Pero Petro es sólo un eslabón de un engranaje complejo y peligroso. La artimaña está montada en nombre de la izquierda, la elección popular o el proceso de paz. La argumentación de que su destitución pone en peligro La Paz en nombre de una ideología, busca poner en entredicho la Constitución, la Ley y las instituciones que la soportan. Quienes cuestionamos los diálogos de La Habana, lo hemos advertido. La Paz no puede ser la claudicación de la sociedad frente a quienes durante más de 50 años no han dejado de cometer graves violaciones al DIH. El reclamo de una Constituyente es para imponer su modelo de sociedad, la misma que Petro intentó imponer violando la ley.
El mensaje para la democracia es demoledor. Significaría admitir una categoría especial de ciudadanos: aquellos que están por encima de la Ley. Aceptar el discurso del Alcalde, es como permitir que él birle la legitimidad y mañana lo hagan los reinsertados de las Farc. Bastaría que también argumentaran que son de “izquierda”, “bolivarianos” o “castro-chavistas” y su desacuerdo con el modelo de desarrollo, la economía de mercado, la libre empresa o la propiedad privada, como ocurrió con el esquema de recolección de basuras capitalinas.
El argumento de la “persecución ideológica” es insustancial. La revocatoria, que en mayo pasado sumó 641.000 rúbricas –casi el mismo número de ciudadanos que lo eligió– es una muestra. Un imperativo democrático que fue obstruido con 224 derechos de petición y tutelas, para callar el reclamo por el derecho a un buen gobierno. Más aún, la hipótesis de la “exclusión” –la misma que esgrimen las Farc, improcedente tras la Constitución del 91– no tiene asidero. ¿Acaso Petro no encarna la tercería de gobiernos de izquierda en la ciudad? De hecho fundó “Progresistas”, un partido disidente, en formación, sin programa político ni cuadros en región –entre otras razones para lavar la imagen de sus predecesores del Polo– y con él alcanzó la alcaldía.

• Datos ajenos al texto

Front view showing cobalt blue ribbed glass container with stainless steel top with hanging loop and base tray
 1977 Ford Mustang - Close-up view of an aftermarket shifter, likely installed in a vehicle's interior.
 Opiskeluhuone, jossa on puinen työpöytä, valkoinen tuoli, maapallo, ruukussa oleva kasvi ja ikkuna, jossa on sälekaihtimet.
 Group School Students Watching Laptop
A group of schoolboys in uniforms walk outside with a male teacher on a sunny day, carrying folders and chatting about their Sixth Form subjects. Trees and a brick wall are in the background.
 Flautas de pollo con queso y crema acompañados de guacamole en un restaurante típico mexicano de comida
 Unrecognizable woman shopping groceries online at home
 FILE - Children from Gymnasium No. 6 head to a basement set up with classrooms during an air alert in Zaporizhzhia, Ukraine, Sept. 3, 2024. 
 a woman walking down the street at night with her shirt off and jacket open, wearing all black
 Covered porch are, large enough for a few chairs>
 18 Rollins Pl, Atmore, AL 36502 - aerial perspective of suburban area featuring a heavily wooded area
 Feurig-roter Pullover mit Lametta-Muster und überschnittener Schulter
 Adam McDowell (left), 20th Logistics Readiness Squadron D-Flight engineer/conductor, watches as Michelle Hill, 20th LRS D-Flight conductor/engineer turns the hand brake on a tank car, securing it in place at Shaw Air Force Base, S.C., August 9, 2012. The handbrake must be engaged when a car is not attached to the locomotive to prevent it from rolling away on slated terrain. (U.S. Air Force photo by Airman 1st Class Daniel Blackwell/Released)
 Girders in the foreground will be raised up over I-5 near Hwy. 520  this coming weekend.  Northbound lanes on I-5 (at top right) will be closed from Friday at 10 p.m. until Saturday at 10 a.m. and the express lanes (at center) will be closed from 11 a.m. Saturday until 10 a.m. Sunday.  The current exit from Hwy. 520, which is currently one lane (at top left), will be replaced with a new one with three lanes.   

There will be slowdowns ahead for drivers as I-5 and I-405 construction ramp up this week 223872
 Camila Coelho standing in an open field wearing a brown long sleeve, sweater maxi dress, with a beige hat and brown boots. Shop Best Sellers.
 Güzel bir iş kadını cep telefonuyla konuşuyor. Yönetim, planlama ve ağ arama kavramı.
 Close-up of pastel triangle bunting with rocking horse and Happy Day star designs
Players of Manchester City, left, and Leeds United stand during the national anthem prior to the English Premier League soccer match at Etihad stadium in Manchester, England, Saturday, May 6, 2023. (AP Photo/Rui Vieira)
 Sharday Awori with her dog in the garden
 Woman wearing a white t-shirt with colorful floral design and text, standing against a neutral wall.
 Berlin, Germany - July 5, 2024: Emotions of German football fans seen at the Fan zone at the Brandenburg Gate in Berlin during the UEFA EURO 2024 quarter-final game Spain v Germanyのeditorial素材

Petro no ha sido el primero ni el último funcionario destituido e inhabilitado por el Ministerio Público. Los descabezados –más de mil de todas las corrientes políticas– deben su fracaso a su propia gestión. Fueron elegidos para administrar y lo hicieron mal y, lamentablemente, cada día son más los escándalos por corrupción. Se dirá que no es el caso Petro, pero su estrategia le costó al bolsillo de los bogotanos más de $60.000 millones, sin contar el desgreño en otros frentes, que no ha podido solventar.
Es preciso poner la situación contexto. Aunque la opinión ha dado paso a la sensatez, para reconocer la actuación en derecho del ente acusador, Petro sigue aprovechando la coyuntura para desafiar la Ley. Sin embargo, no faltan los que cuestionan los poderes de la Procuraduría cuando es evidente que, pese a algunos casos con sanciones desproporcionadas, la corrupción es de lejos el principal factor que impide al Estado cumplir sus fines sociales. El carrusel de la contratación de Bogotá es uno más de los que a diario explotan en todas las regiones y alimentan una recortada democracia, en la que políticos y contratistas, se quedan con los recursos de los más necesitados.